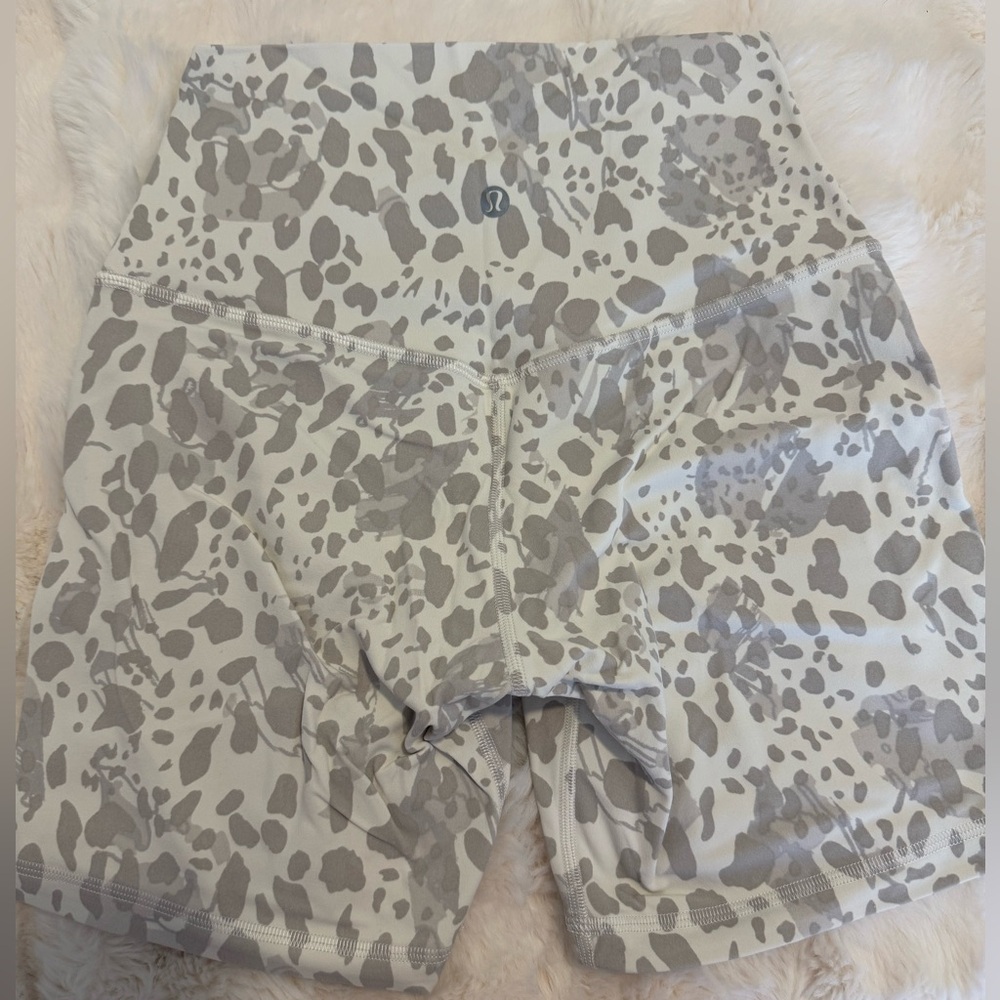 Lululemon Align Shorts 6”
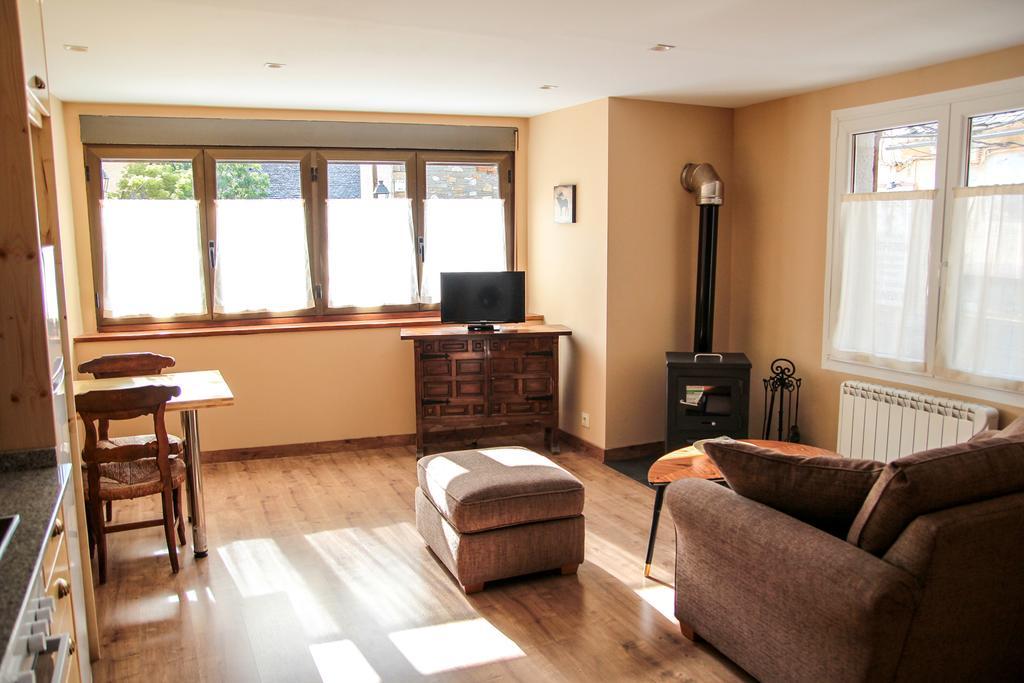 Apartamentos Snoe Mont Romies Salardú Exteriör bild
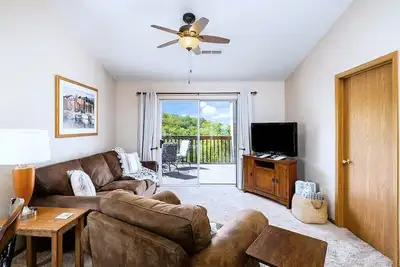 Image de 2br Lakeview Getaway Near Sdc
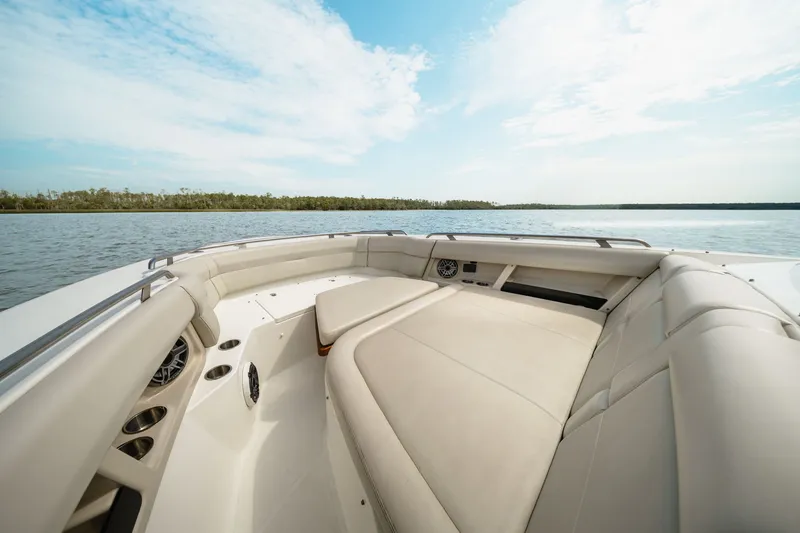 Slide: The Image of Boston Whaler 350 REALM 2021 - 21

**WHAT YOU WILL DO**
Lines from the one that contains "Image de 2br Lakeview Getaway Near Sdc" to the final line of the material are the whole answer. Reproduce them word for word and skip the pictures.

**RESPONSE FOR THIS EXERCISE**
 Image de 2br Lakeview Getaway Near Sdc
 Slide: The Image of Boston Whaler 350 REALM 2021 - 21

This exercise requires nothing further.